New Demos from Next Generation Search Group at University of Helsinki
New Demos from The Next Generation Search Group at University of Helsinki
From the NGIR web site:
The Next Generation Information Retrieval group looks at search and information retrieval in a world impacted by Linux and Google where open source and open standards are becoming a dominant paradigm for internet services, and information retrieval is viewed as a key function in productive internet use. The group uses probabilistic and information-theoretic methods to model information retrieval, and is committed to open source software development. The group also believes distributed, semantic-based and multilingual methods will have a central role in the future of information retrieval.
Alvis — Superpeer Semantic Search Engine
What is ALVIS?
The project will conduct research in the design, use and interoperability of topic-specific search engines with the goal of developing an open source prototype of a distributed, semantic-based search engine. Existing search engines provide poor foundation for semantic web operations…Alvis is funded by EU’s Sixth Framework Programme for Research and Technological Development.
Demos
+ Alvis News Search Engine
A collection of news articles collected from a predefined set of Internet Search related news sites at regular intervals. The database covers the latest articles as well as archives from different popular Web news and blogs resources.
+ Alvis Wikipedia Search
Background about Wikipedia search engine.
+ SMART
Topic specific search for the recent EU project Statistical Multilingual Analysis for Retrieval and Translation.
Overview of SMART search available here. Uses ALVIS technology.

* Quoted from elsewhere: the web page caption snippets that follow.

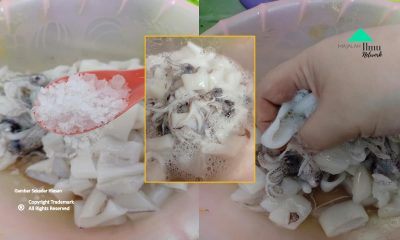 Cara Sotong Kekal Pejal Dan Tidak Berair Cara Nelayan Korea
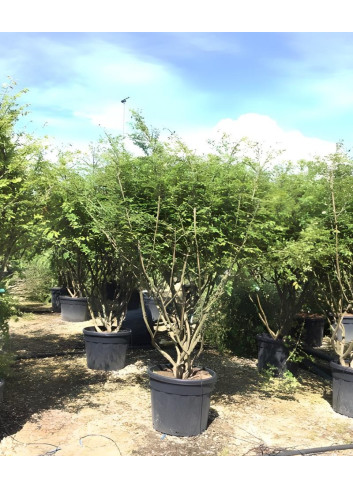 EUONYMUS alatus En pot de 90-110 litres buisson hauteur 175-200 cm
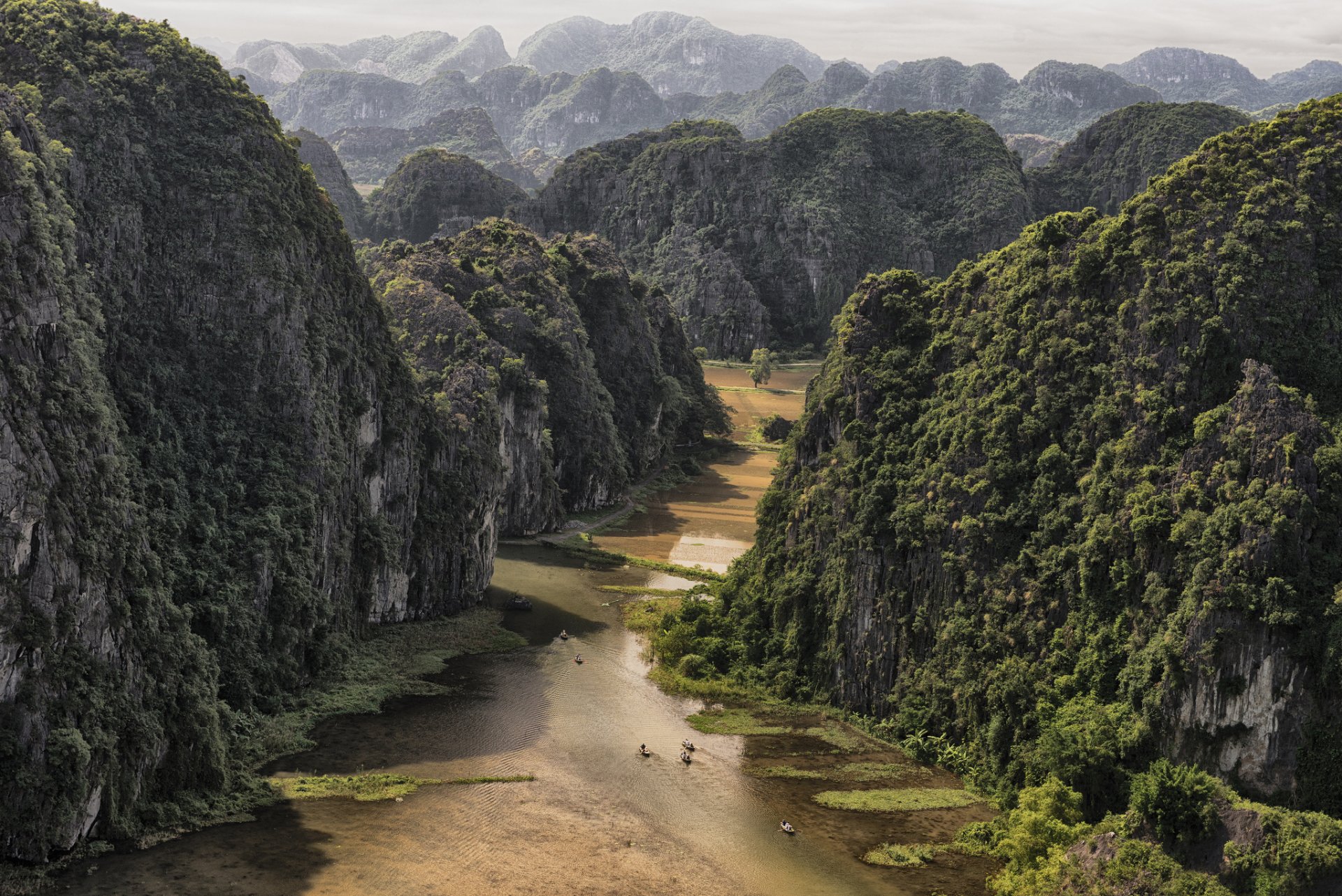 near tam coc vietnam mountain forest river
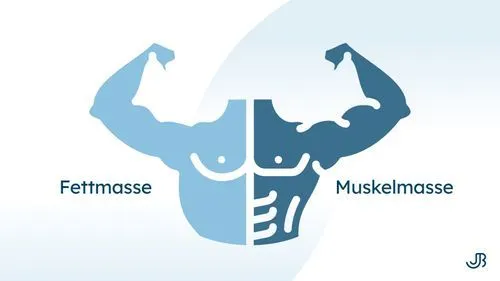 Illustration eines muskulösen Oberkörpers, der in zwei Hälften unterteilt ist: eine Seite zeigt Fettmasse, die andere Muskelmasse. Jan Bahmann erklärt die Unterschiede zwischen Fett- und Muskelmasse.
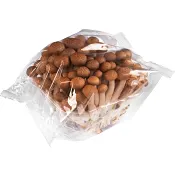 Shimeji brun 150g Klass 1.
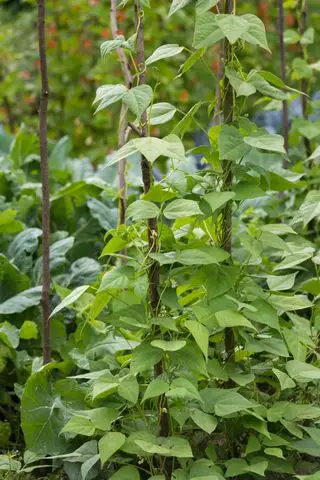 Plantas de frijol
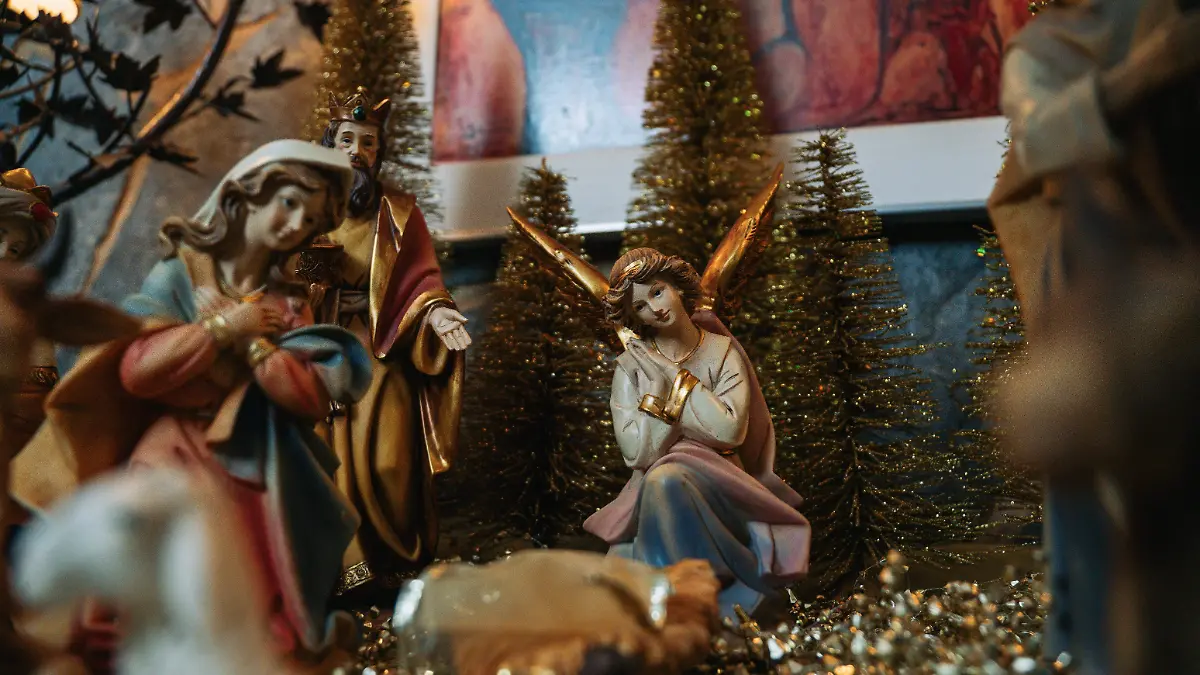 pexels-doouglasma-19403309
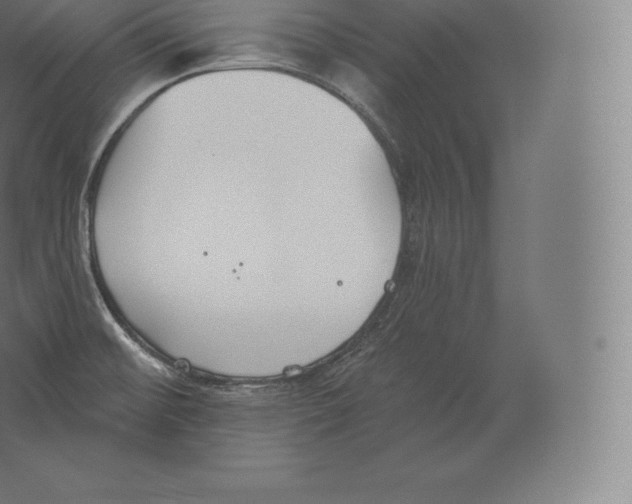 X0000060271476200511241441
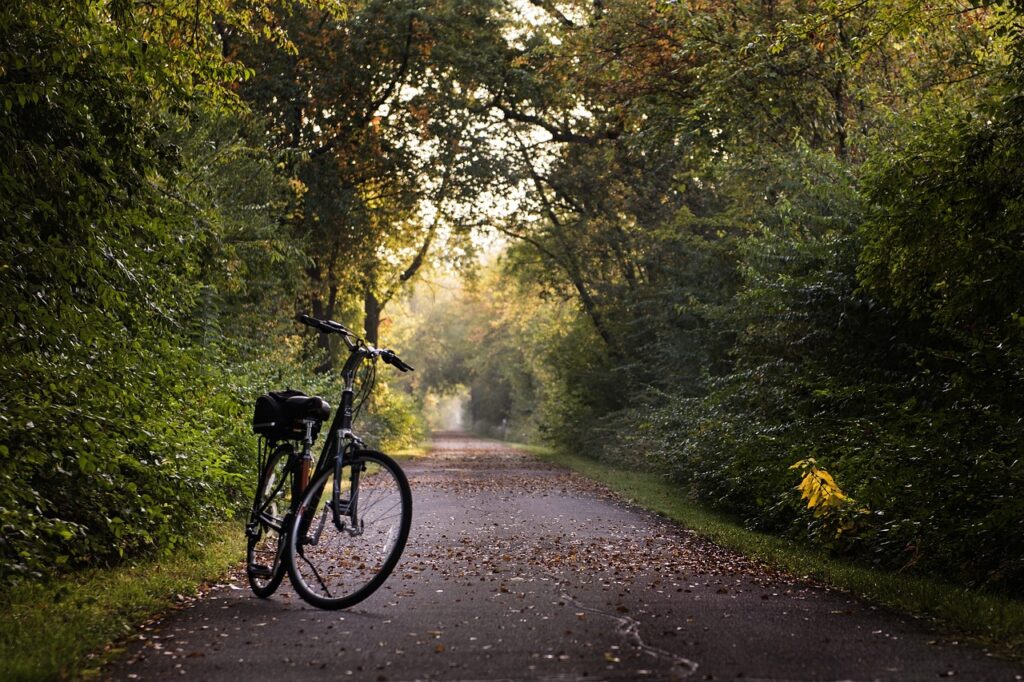 goedkope elektrische fiets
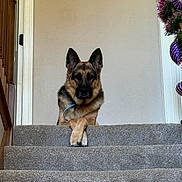 Daisy joined the competition — help win amazing prizes! animal, architecture, building, canine, dog, flower, flowerarrangement, germanshepherd, handrail, house, housing, indoors, interiordesign, pet, plant, policedog, pottedplant, puppy, purple, staircase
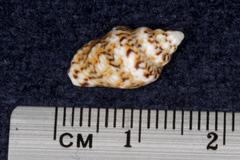 Euplica scripta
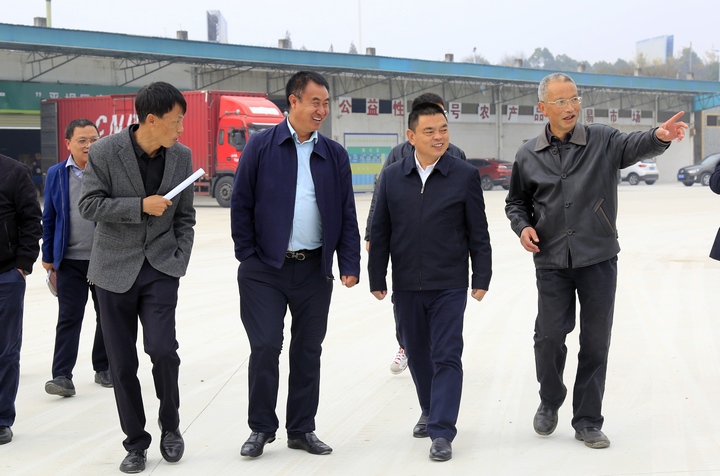 唐友波調研重點項目建設情況。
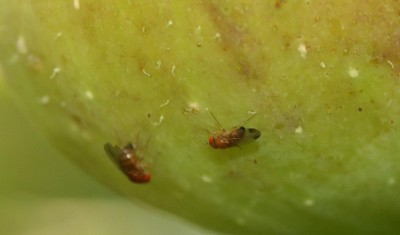 rz-Drosophila suzukii - maschio e femmina .JPG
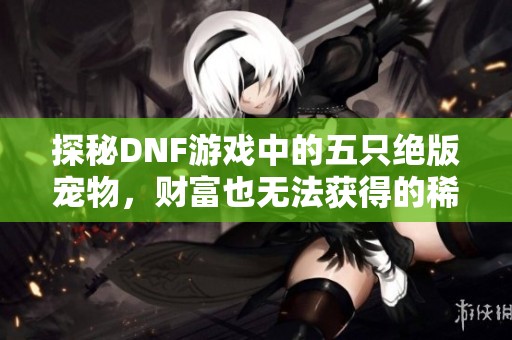 探秘DNF游戏中的五只绝版宠物，财富也无法获得的稀有珍品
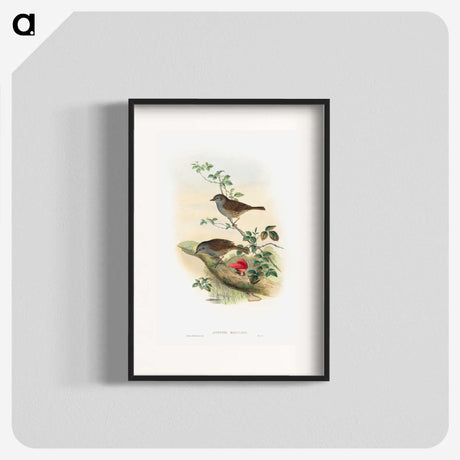 1-51_John-Gould_blk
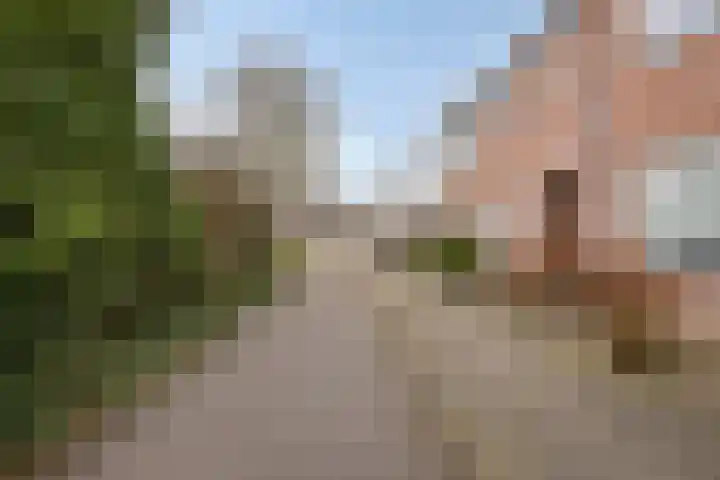 Traptoren 38 Middelburg thumbnail 23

The crawl uses the ALVIS focussed crawler that is guided by keywords. The key phrases relevant to the crawl are one of the following:
relevance to statistical machine translation with key phrases: cross-?lingual information access, smt systems?, statistical machine translation, textual information access, statistical translation models?, cross-?lingual information retrieval, information extraction,
or both of :
relevance to machine learning with key phrases: machine learning, statistical learning, kernel methods?, string kernels?, rational kernels?, online learning, support vector machines?, SVM, principal component analysis, independent component analysis, PCA, ICA, discriminative language models?, canonical correlation analysis, margin-?based translation models?, statistical language, latent dirichlet, automatic processing,
+ relevance to machine translation with key phrases: machine translation, information retrieval, language models?, translation models?, computational linguistics, lexicon extraction, comprehension aids?, multilingual lexicon, user trials, user evaluation, parallel corpora, language modelling, computer aided translation, comprehension aids, multilingual lexicons?, multilingual corpora, cross-?language information retrieval, natural language processing, multilingual lexicon extraction, human language technology, machine translation technology, machine translation systems?, cross-?lingual information retrieval, linguistic resources.
A list of seed sites for crawl is also available here.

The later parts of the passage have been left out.